Simulate Before Actuate
also known as Dry-Run Harness, Simulate-Then-Commit, Pre-Action Simulation Gate
Before issuing an irreversible action, run a deterministic simulation that computes pre-conditions, invariants, and expected deltas; require a verifier — automated or human — to green-light the simulated outcome before the real command is sent.
Context
An agent has tools that take irreversible actions: filesystem writes, database mutations, infrastructure changes, browser actions on a live site, payments, emails. The cost of a wrong action is high. The agent itself is non-deterministic and occasionally proposes plausible-looking actions that are wrong in subtle ways: deletes the wrong key, sends to the wrong recipient, mutates the wrong row.
Problem
Letting the agent commit irreversible actions on a single proposal exposes the system to silent, hard-to-rollback damage. Pure human-in-the-loop is too slow for the volume; pure trust-the-agent is too dangerous. Recent practitioner write-ups (Joakim Vivas' '17 agentic architectures' survey) and the arXiv 'Architectures for Building Agentic the model' chapter and 'Deterministic Pre-Action Authorization' preprint converge on a deterministic simulation step: run the proposed action against a digital twin, sandbox replay, or dry-run flag; compute the resulting state and the diff; require sign-off on the diff before committing.
Forces
- Irreversible actions deserve more scrutiny than reversible ones, but the agent's proposal does not distinguish.
- Full human-in-the-loop is too slow at production volume; a deterministic verifier can scale.
- A simulation has to be faithful enough that 'passes the sim' implies 'safe in reality' — otherwise the gate is theatre.

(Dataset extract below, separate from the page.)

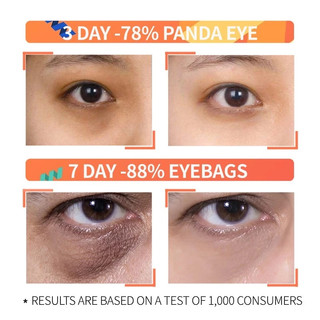 Ordinary Serum mắt làm giảm quầng thâm và chống lão hóa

- Some action surfaces have no simulator (external APIs without sandboxes, partner systems); the pattern then degrades to dry-run flags, schema validation, or HITL.
Example
A devops agent receives a request to clean up unused Kubernetes resources. It proposes 'kubectl delete pod app-prod-7d3'. The wrapper intercepts the call, runs it with --dry-run=server, reads the simulated diff: 'will delete 1 pod, will scale Deployment app-prod from 3 to 2, will not affect Service'. The verifier checks invariants: target namespace is in the agent's allowed scope, deletion count is under cap, no destructive label match. All green; the real call goes out. On a different invocation the agent proposes deleting a pod in kube-system; same flow, the verifier rejects (namespace not in allowed scope), the agent gets an error back and replans.
Diagram
Solution
Therefore:
Decompose the action surface: for each irreversible tool, define a faithful simulator (digital twin, sandbox replay, dry-run mode, snapshot DOM for web, transactional rollback for DBs). Wrap the tool so every call runs simulation → verifier → execute. The verifier is automated where the invariants can be encoded (no destructive deletes without explicit flag, no out-of-budget transfers) and falls back to human-in-the-loop where they cannot. Where no simulator exists, refuse to call without HITL approval.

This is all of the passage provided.